It isn’t a habit of mine to give alms to just about every beggar who approaches me for alms. In this country, you find a beggar in almost every corner of the streets. Some of them, they say, are members of syndicates who hire little children to beg for alms and require these kids to collect and submit to them a certain amount after a whole day of begging. There was even a time when my fiancé and I were buying from a store near our house when a familiar old lady walked in and approached the counter to have a bag full of coins changed to bills. I was so amazed to realize that the old lady was one of the beggars I saw on the bridge on our way home everyday!
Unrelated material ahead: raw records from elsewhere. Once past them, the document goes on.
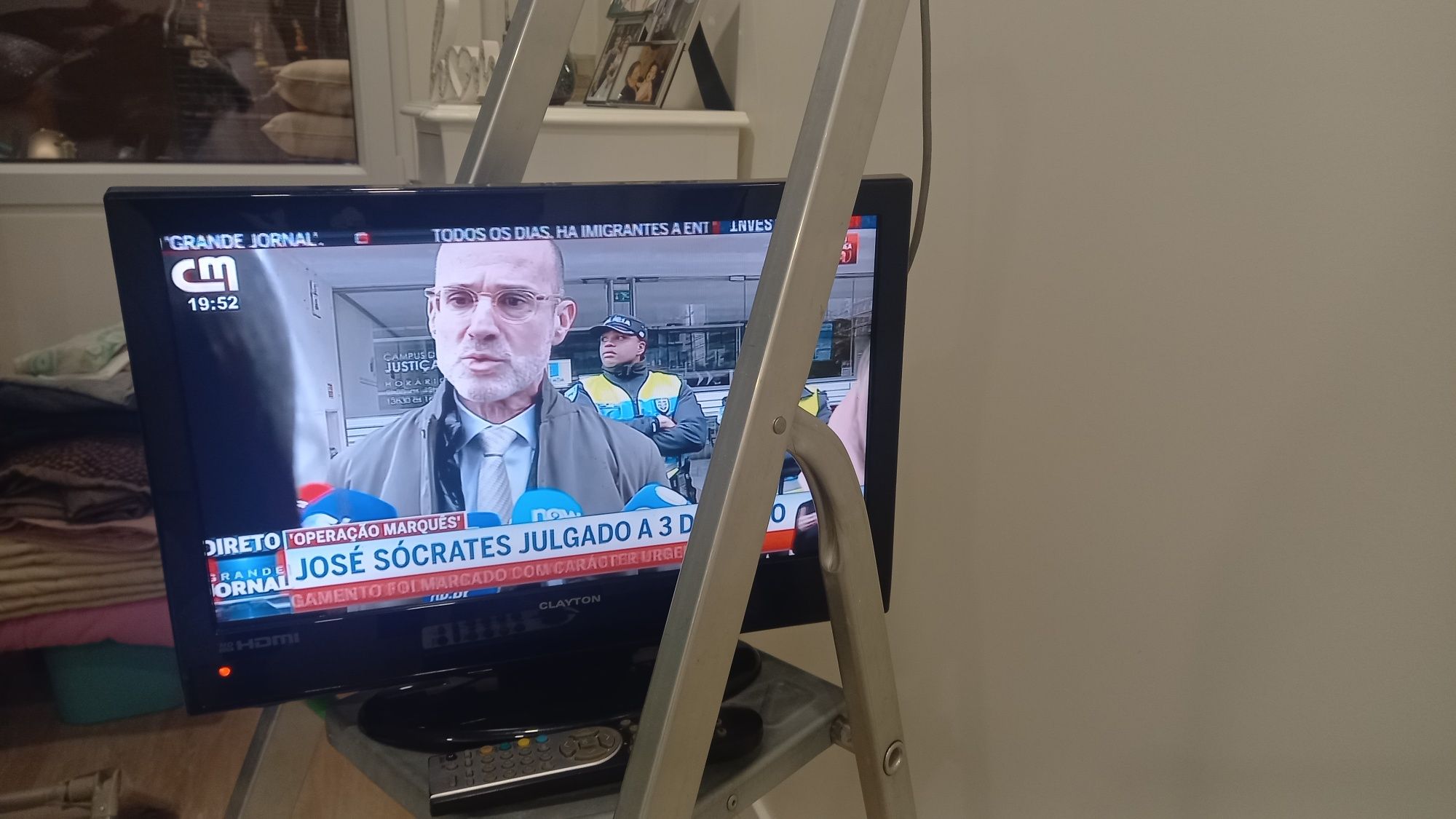 LCD com  22" com comando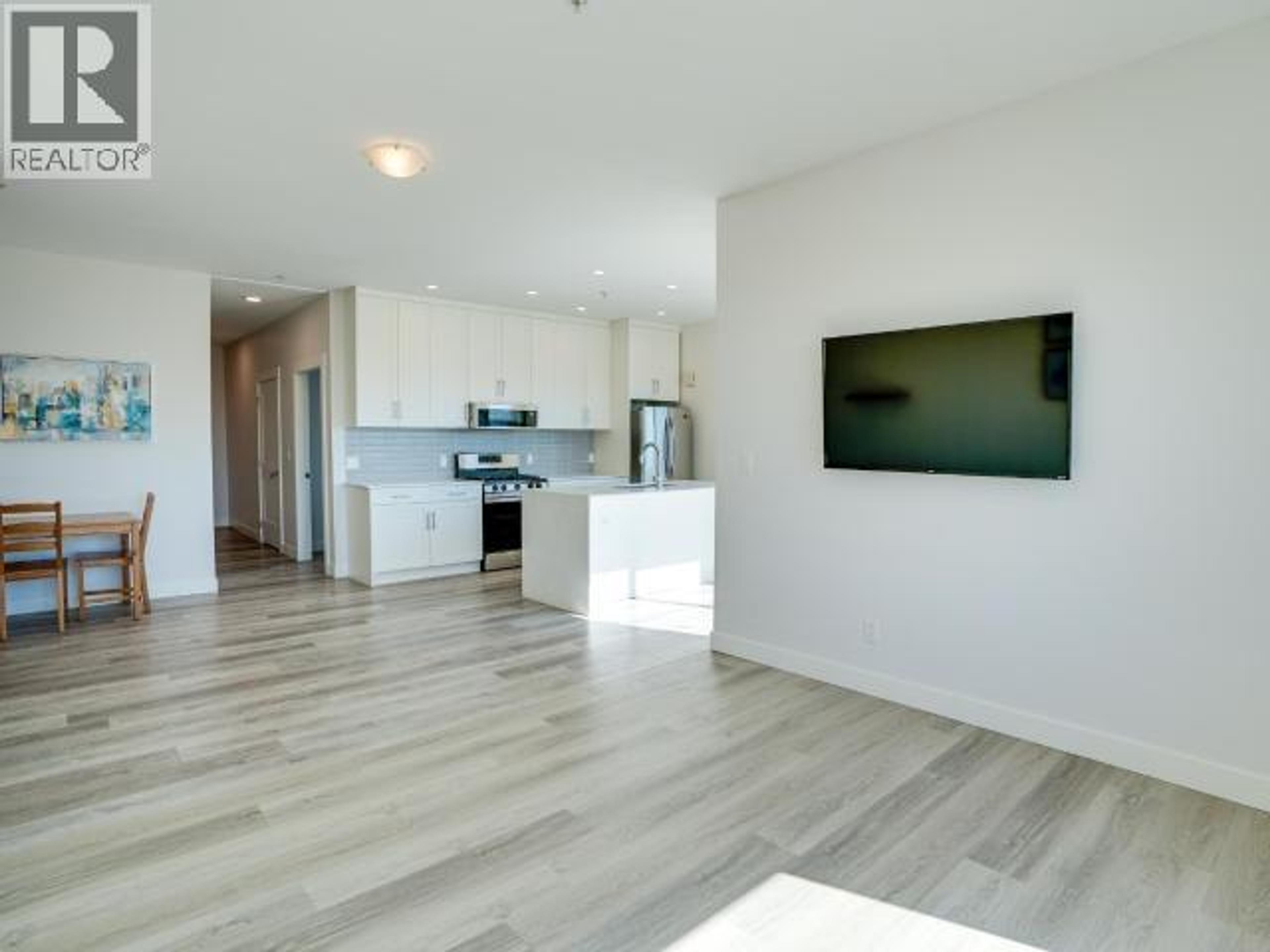 #401 7175 DUNCAN STREET - 11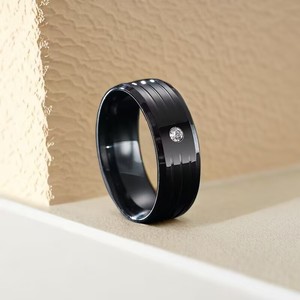 Mode 8mm Sculpture Rayures Étape Bord En Acier Inoxydable Anneaux Couple Classique Incrustation <span class=keywords><strong>Unique</strong></span> Rond Diamant De Mariage Anneaux Hommes - Product Image 5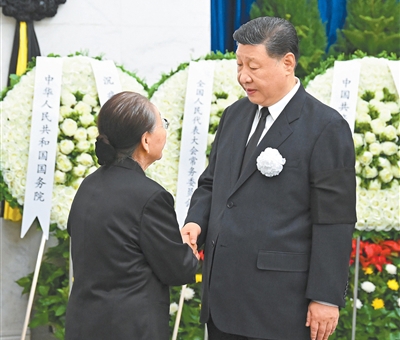 热地同志遗体火化 习近平等到八宝山革命公墓送别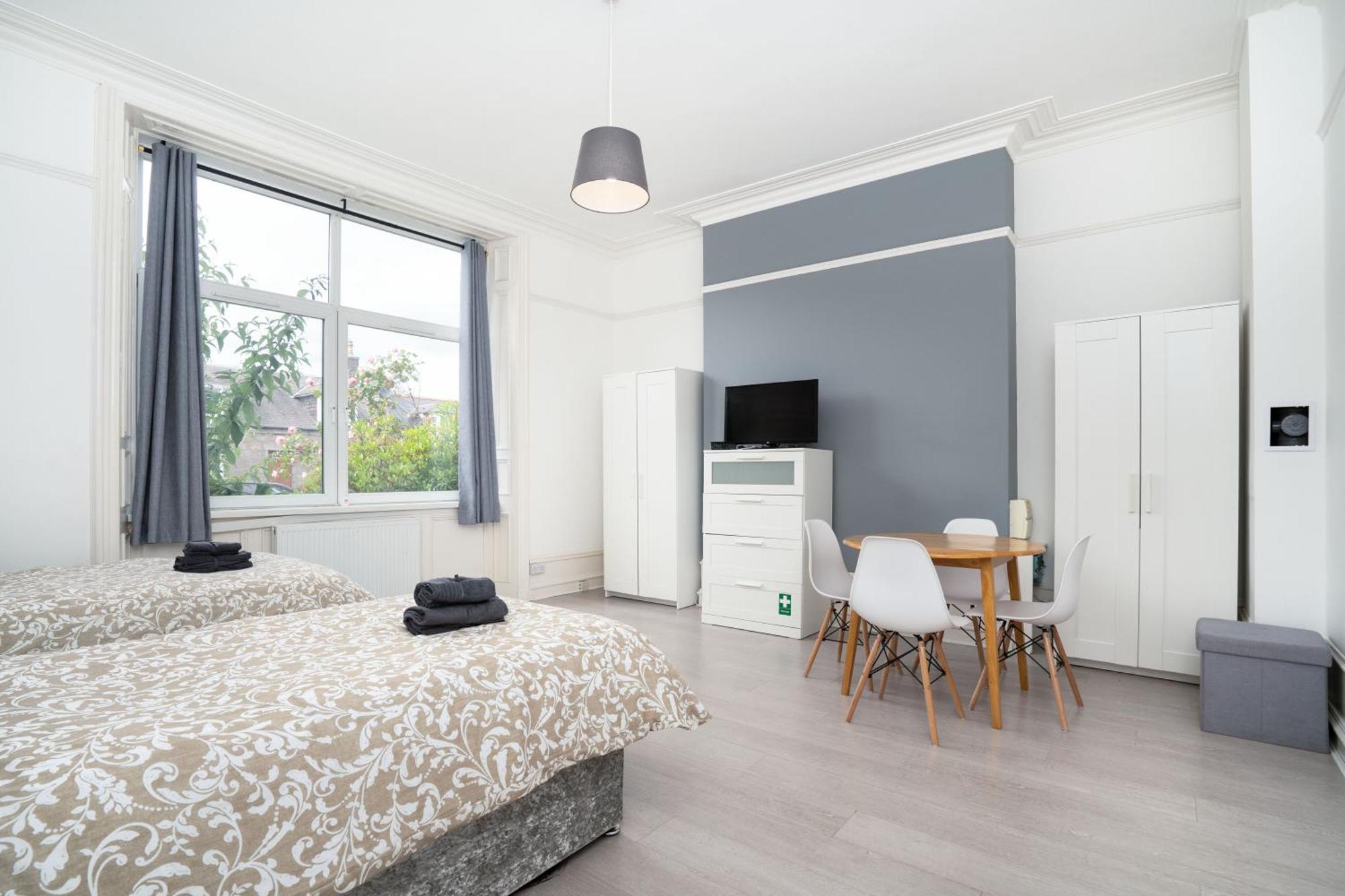 Apartment Cosy Fully Equipped 1, Close To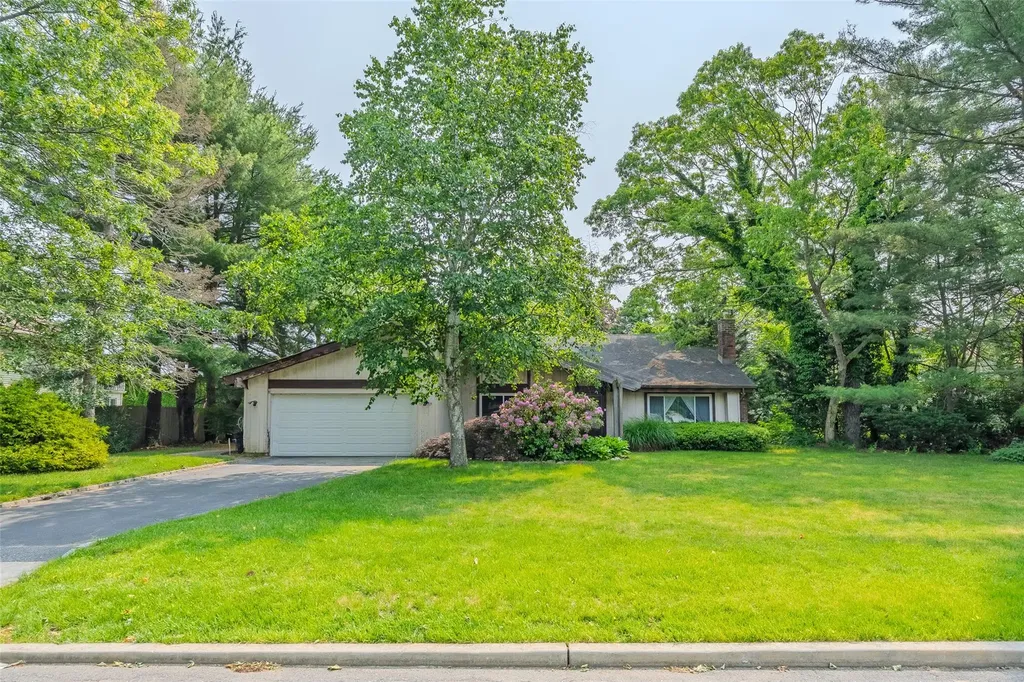 37 Glenmere Lane Coram NY 11727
There are times, though, when I refuse a beggar and get that certain feeling that I should have given that beggar something. It’s like a gut feeling within you, when you feel that this person is genuinely in need of a few coins from anyone who could give him something. The lady who approached us didn’t look like a beggar at all. I told my daughter that she instantly reminded me of myself a few years back when I was on my way to work and found that my purse had been slashed. Fortunately, it had a cloth lining inside, and so the slasher failed to steal anything at all from me. Oh, I was so thankful that day!
I felt that the lady was genuinely in need of help from anybody. The little boy, on the other hand, was the same little boy I saw every single time playing around while his mother sat and gossiped with other women beggars in one corner of the street. There was a big difference.
My parents have taught me to have compassion for the poor and the needy. That is one value that I would like to teach my children too. But as they grow up, I would also like them to learn to be wise. To help the people who are genuinely needy and cannot do anything else in life in order to survive except to beg for alms in the street.